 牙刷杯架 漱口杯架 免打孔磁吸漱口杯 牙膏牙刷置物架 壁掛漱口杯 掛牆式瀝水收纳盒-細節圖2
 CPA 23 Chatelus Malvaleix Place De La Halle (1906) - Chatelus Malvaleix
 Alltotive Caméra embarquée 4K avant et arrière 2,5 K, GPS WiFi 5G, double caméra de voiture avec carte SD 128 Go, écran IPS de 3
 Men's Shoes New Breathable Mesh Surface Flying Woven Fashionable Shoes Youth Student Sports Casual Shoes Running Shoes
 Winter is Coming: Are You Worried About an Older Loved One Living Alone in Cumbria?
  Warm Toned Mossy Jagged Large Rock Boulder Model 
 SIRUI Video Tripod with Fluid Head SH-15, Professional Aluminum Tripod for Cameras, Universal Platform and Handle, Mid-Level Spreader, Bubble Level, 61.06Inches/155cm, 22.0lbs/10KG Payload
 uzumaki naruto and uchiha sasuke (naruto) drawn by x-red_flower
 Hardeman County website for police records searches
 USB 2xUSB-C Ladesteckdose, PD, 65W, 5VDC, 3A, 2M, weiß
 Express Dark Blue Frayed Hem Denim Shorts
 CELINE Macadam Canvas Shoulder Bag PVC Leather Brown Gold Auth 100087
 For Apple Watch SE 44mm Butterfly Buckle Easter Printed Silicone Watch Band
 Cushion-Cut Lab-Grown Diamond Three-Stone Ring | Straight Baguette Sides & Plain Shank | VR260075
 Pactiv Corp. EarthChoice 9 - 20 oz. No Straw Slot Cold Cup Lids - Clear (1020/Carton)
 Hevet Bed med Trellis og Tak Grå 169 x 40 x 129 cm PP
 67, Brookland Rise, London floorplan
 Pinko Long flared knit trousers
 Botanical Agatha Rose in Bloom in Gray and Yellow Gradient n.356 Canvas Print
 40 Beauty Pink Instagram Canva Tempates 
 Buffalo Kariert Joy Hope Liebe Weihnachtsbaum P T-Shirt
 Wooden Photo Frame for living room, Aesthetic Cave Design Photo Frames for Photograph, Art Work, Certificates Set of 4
◆ ◆ ◆
- **REQUIRED WORK**
The lines from the one containing "40 Beauty Pink Instagram Canva Tempates" through the final line of the listing above are all you should set down, exactly as written.

- **PROBLEM SOLUTION**
 40 Beauty Pink Instagram Canva Tempates 
 Buffalo Kariert Joy Hope Liebe Weihnachtsbaum P T-Shirt
 Wooden Photo Frame for living room, Aesthetic Cave Design Photo Frames for Photograph, Art Work, Certificates Set of 4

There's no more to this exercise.